Design and construction
- Architect: Henry de Champ

= Hôtel de Ville, Sainte-Foy-lès-Lyon =

Town hall in Sainte-Foy-lès-Lyon, France

The Hôtel de Ville (/fr/, City Hall) is a municipal building in Sainte-Foy-lès-Lyon, Metropolis of Lyon, in eastern France, standing on Rue Deshay.

==History==
Following the French Revolution, the new town council initially met in the home of the mayor at the time. This arrangement continued until 1834, when the council established a combined town hall and school in Maison Chaunier on Grand Rue. Then, in 1887, the council purchased the Fanton Public House on Rue des Pompiers (now Rue Gensoul) to accommodate a new municipal building. The design involved an asymmetrical main frontage of three bays facing onto the street. There was a doorway on the left, and the building was fenestrated by casement windows on two floors and by a small window in the gable above. The building was significantly extended to the rear, to provide additional accommodation for council officers, in the first half of the 20th century.

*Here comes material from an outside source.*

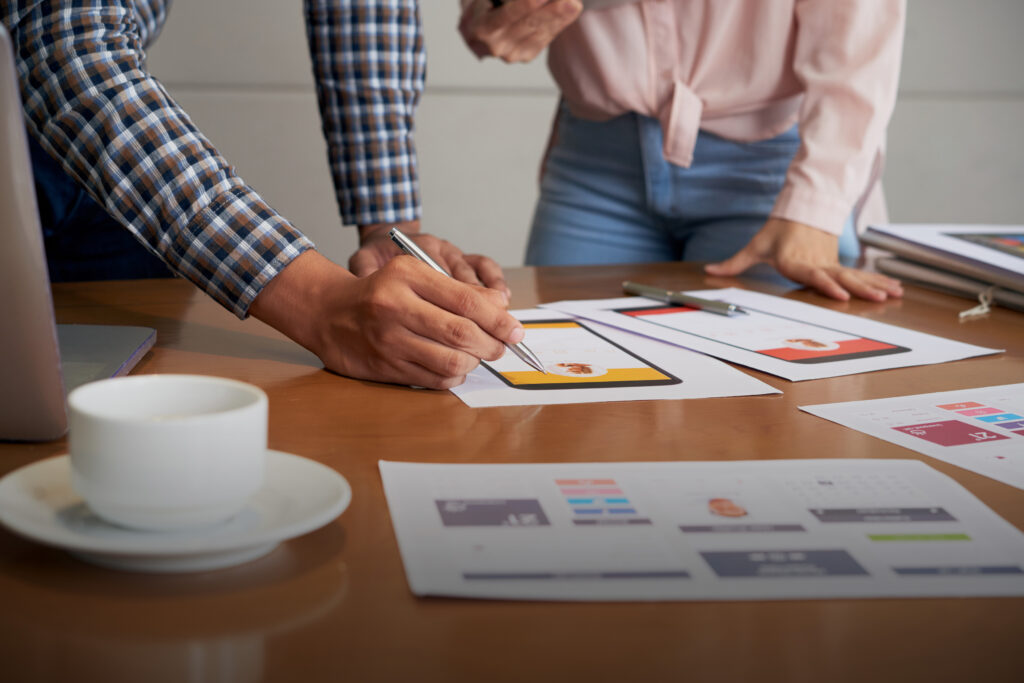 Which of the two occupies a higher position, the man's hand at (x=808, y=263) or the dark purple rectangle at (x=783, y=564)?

In the late-1970s, following significant population growth, the council led by the mayor, Maurice Moulin, decided to acquire a more substantial municipal property. The property they selected was the Propriété Charbin on the west side of Rue Deshay. The building had been commissioned as a private residence for a silk manufacturer, Guillaume Blancard. It had been designed by Henry de Champ in the neoclassical style, built in ashlar stone and had been completed in 1882.

The design involved a symmetrical main frontage of seven bays facing west onto a park. The first two bays at either end were projected forward as pavilions with mansard roofs. There was a double forestair in front of the central section of three bays. The bays on the ground floor were fenestrated by casement windows with segmental pediments, while the bays on the first floor were fenestrated by casement windows with triangular pediments. At attic level, there was a dormer window above the central bay, with oculi on either side, and dormer windows projecting out of the two mansard roofs. In 1907, the house was acquired by a silk manufacturer, Étienne Charbin, and, in June 1977, it was acquired by the council for FFr2.3 million. The council initiated a major programme of refurbishment works which was completed in 1988.

A multi-functional municipal complex known as "Le Méridien" was designed and built by Archigroup on the opposite side of Rue Deshay in 2012. The complex incorporated a new two-screen cinema for Ciné Mourguet, which had been operating close by since 1988. The complex also incorporated a daycare centre, a community centre, and a new Salle du Conseil (council chamber) for meetings of members of the council.

A major programme of restoration work, involving the restoration of the town hall stonework as well as internal refurbishment, was completed in May 2018.